Mike Nelson's Death Rat!
- Author: Michael J. Nelson
- Cover artist: Michael Koelsch
- Language: English
- Genre: Humor, fiction
- Published: 2003
- Publisher: HarperCollins
- Publication place: United States

= Mike Nelson's Death Rat! =

2003 novel by Michael J. Nelson

Mike Nelson's Death Rat! is the first full-length novel by American author Michael J. Nelson. It was first published on April 1, 2003. The cover art was illustrated by pulp artist Michael Koelsch.

==Plot==
Death Rat! is primarily a satire, with its main subject being the state of Minnesota, where Nelson lives. Nelson's targets include parodies of famous Minnesota residents like Prince and Garrison Keillor, as well as the attitudes and quirks of Minnesotans in general.

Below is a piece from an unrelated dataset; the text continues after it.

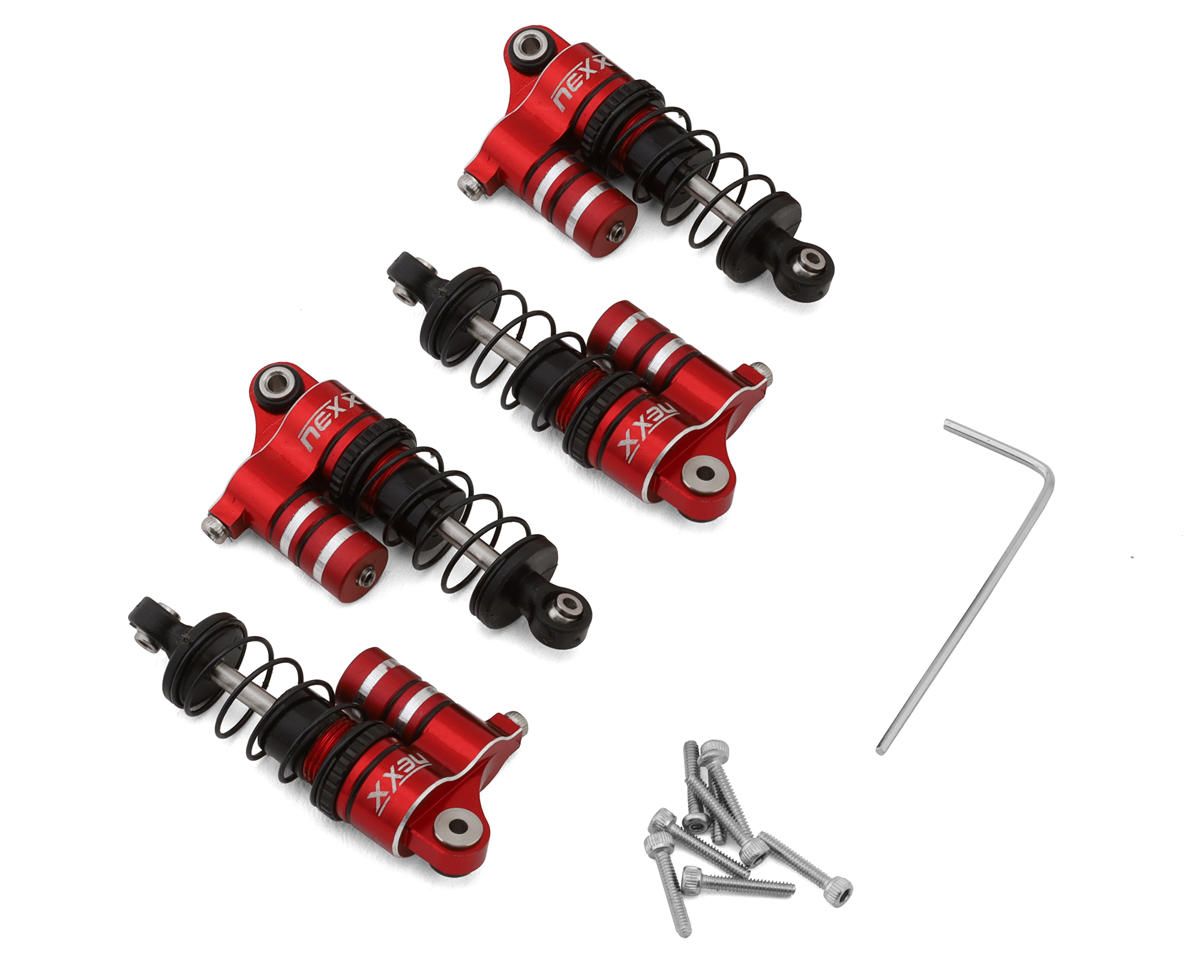 NX-485-R NEXX Racing Losi® Micro-B Aluminum Oil-Filled Threaded Reservoir Shocks (Red) (4)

The protagonist of Mike Nelson's Death Rat! is Pontius Feeb, usually called Ponty, an author of many historical treatises who has just been fired. While working in a fast food restaurant he gets the idea to write a novel of historical fiction based in the small town of Holey, Minnesota. Feeb's novel revolves around the conflict between two citizens of Holey in the early 1900s, and a giant rodent from which the novel gets its name. However, when he tries to sell the novel to a publisher, he is told that he doesn't look right to be the author of an action novel. Feeb then enlists the help of local actor Jack Ryback to pretend he wrote the book and attempt to sell it. Jack sells the novel easily, but tells the publisher that it is a non-fiction book, instead of a novel. Jack and Pontius then work with the citizens of Holey to attempt to cover up the book's fictional nature. During their many visits to Holey, Ponty becomes friendly with the town's female mayor. As Feeb's Death Rat grows in popularity, the cover-up becomes harder and harder to maintain, as the rock star "King Leo" adopts the book as the scripture of a new religion, and sets up a revival in Holey. Meanwhile, a rival Minnesotan author desperately tries to discredit Jack and "his" book.

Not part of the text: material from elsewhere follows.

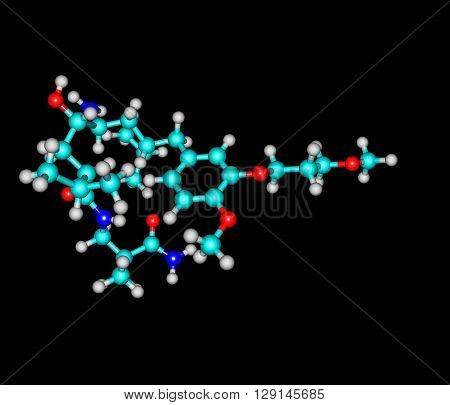 Molecular model of the antihypertensive drug Aliskiren used to treat high blood pressure. 3d illustration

In the end the plot is revealed, And after a flurry of lawsuits and media attention Jack and Pontius go back to doing minimum-wage work in St. Paul. In the end, Ponty decides to go live in Holey with the friends that he made there.

==Characters==
Pontius "Ponty" Feeb - A small bookish history author with a number of failed nonfiction books to his name.

Jack Ryback- A large, rugged failed actor who looks the part of an outdoorsman.

Gus Bromstad - Homespun author of the Dogwood books.

King Leo - A Prince-esque funk superstar.

Sandi Knutson - Mayor of Holey and love interest of Ponty.

Ralph - Barkeep at Holey's local pub, the Taconite.